Launched with torchrun --nproc_per_node=8 train.py (single node) or torchrun --nnodes=4 --nproc_per_node=8 --rdzv_backend=c10d --rdzv_endpoint=head:29500 train.py (multi-node). torchrun handles the rendezvous and sets the environment variables DDP reads.

The fine print:

  • device_ids=[local_rank] — essential. Without it, DDP guesses wrong on multi-GPU nodes.
  • set_to_none=True in zero_grad — sets gradients to None rather than zeroing tensors. Faster and better at not holding stale memory.
  • find_unused_parameters=False (the default in recent PyTorch) — if your forward doesn’t use every parameter every step, flipping this to True lets DDP still sync gradients but costs overhead. Prefer fixing your model to always use all params.
  • Distributed sampler — use torch.utils.data.DistributedSampler so each rank sees a disjoint shard of the dataset. Call sampler.set_epoch(epoch) every epoch or every rank will iterate the same order.

DDP works wonderfully when the model fits in GPU memory. The moment it doesn’t, you have choices.

FSDP: when the model doesn’t fit

FSDP — inspired by DeepSpeed’s ZeRO — is the answer to “my model is too big for one GPU.” It shards three things across ranks:

  • Parameters: each GPU holds 1/N of the weights.
  • Gradients: each GPU holds 1/N of the gradients.
  • Optimizer state: each GPU holds 1/N of the optimizer state (Adam’s first and second moments, typically 2× the parameter memory in fp32).

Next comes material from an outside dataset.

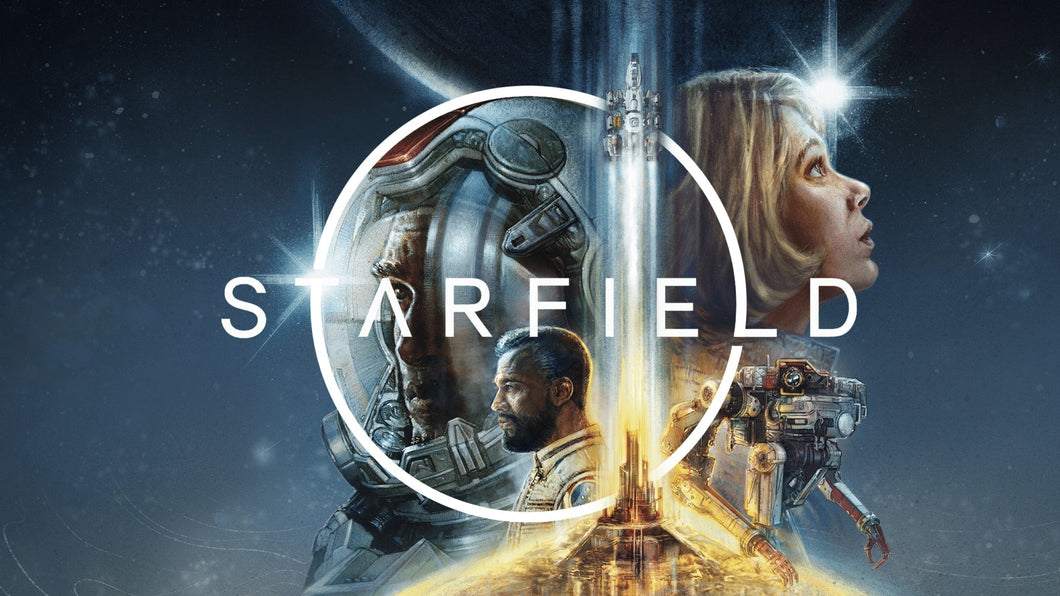 Starfield - Modded Account + 50 Billion Credits (IOS)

For an Adam-optimized fp16 training run, the memory breakdown is roughly:

  • Parameters: 2 bytes × P
  • Gradients: 2 bytes × P
  • Optimizer state (fp32 Adam m, v, and fp32 master copy): ~12 bytes × P
  • Activations: depend on batch × sequence × hidden

Without any sharding, per-GPU cost is ~16 bytes × P just for model state, before activations. With FSDP on N GPUs, it drops to ~16P/N. A 70B parameter model with N=8 goes from ~1.1 TB per GPU (unfittable) to ~140 GB (fits on an H100 with some activation memory to spare).

The execution model:

  1. Before a forward pass of a layer, all-gather the parameters from all ranks so every GPU has the full weight matrix.
  2. Run the forward pass.
  3. Free the gathered parameters — each GPU keeps only its shard.
  4. In backward, all-gather again for the gradient computation.
  5. After computing gradients for this layer, do a reduce-scatter — averaging the gradients and distributing the shards back to their owning ranks.
  6. Free the gathered gradients.
  7. Optimizer updates only the local shard.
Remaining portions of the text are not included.